And pretty much the only Lua script that will pass successfully every time is:
Actions = {}
function Actions.Ground() Run() end
function Actions.Fence() Jump() end
function Actions.Branch() Duck() end
which could also be written as
Actions = {}
Actions.Ground = Run
Actions.Fence = Jump
Actions.Branch = Duck
With the good script, you'll see output like:
Successful duck!
Successful run!
Successful jump!
Successful jump!
Successful duck!
You passed!
If the user tries something malicious, the program will simply provide an error:
$ echo "Actions = {} function Actions.Ground() os.execute('rm -rf /') end" | ./runner
PANIC: unprotected error in call to Lua API (stdin:1: attempt to index global 'os' (a nil value))

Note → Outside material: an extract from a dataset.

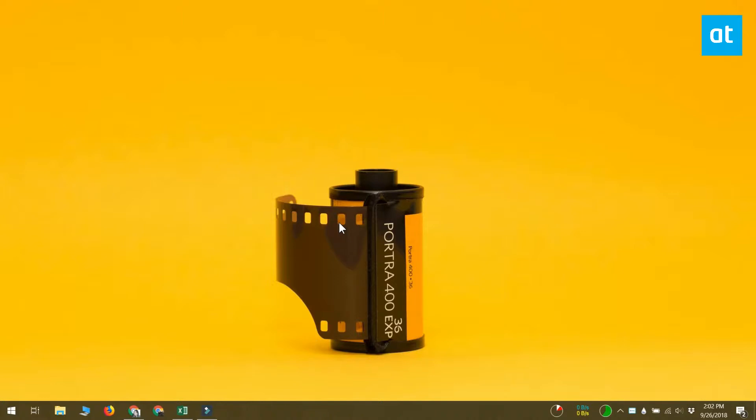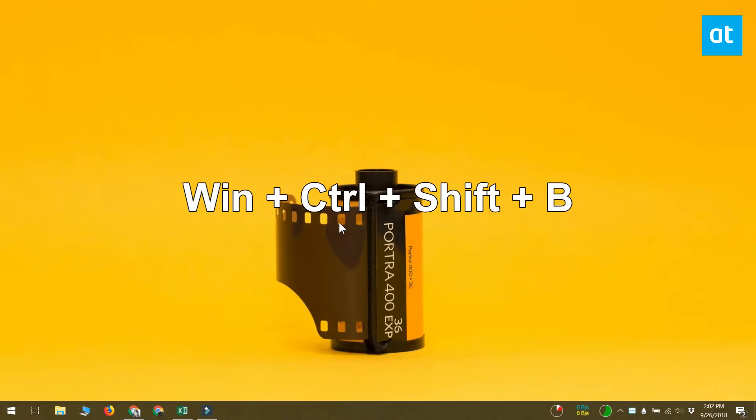It's actually pretty easy. Anytime a display is stuck, what you need to do is tap the Windows plus Ctrl plus Shift plus B keys simultaneously.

With an incorrect move script, the user will see that he performed the wrong move:
$ echo "Actions = {} Actions.Ground = Jump; Actions.Fence = Duck; Actions.Branch = Run" | ./runner
Wrong move!
You failed!
Why not JavaScript or EcmaScript? Google's V8 is a really nice sandboxed way to do this. I remember it being really really easy. Of course, you will have to write some bindings for it.

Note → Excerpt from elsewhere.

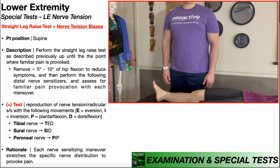In this video, we're going to be discussing a special test used in the assessment of lower extremity nerve tension, looking at nerve tension biases. This is really a series of maneuvers that allows us to assess for tension in specific lower extremity nerves — those are going to be the tibial, sural, and common peroneal nerves.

I would recommend Dot Net for several reasons:
Players can choose which language they implement their solutions in: C#, IronPython, VB.NET, Boo, etc. but your runtime wouldn't care - it is just dynamically loading dot net assemblies into its sandbox. But this gives your players a choice of their own favorite language. This encourages players to enjoy the experience, rather than some players deciding not to participate because they simply don't like the single language that you chose. Your overall framework would probably be in C#, but players' code could be in any Dot Net language.
Sandboxing and dynamically loading are very mature in Dot Net. You could load the players' assemblies into your own sandboxed AppDomains that are running with Partial Trust. You would not have to restart the container process to load and unload these player AppDomains.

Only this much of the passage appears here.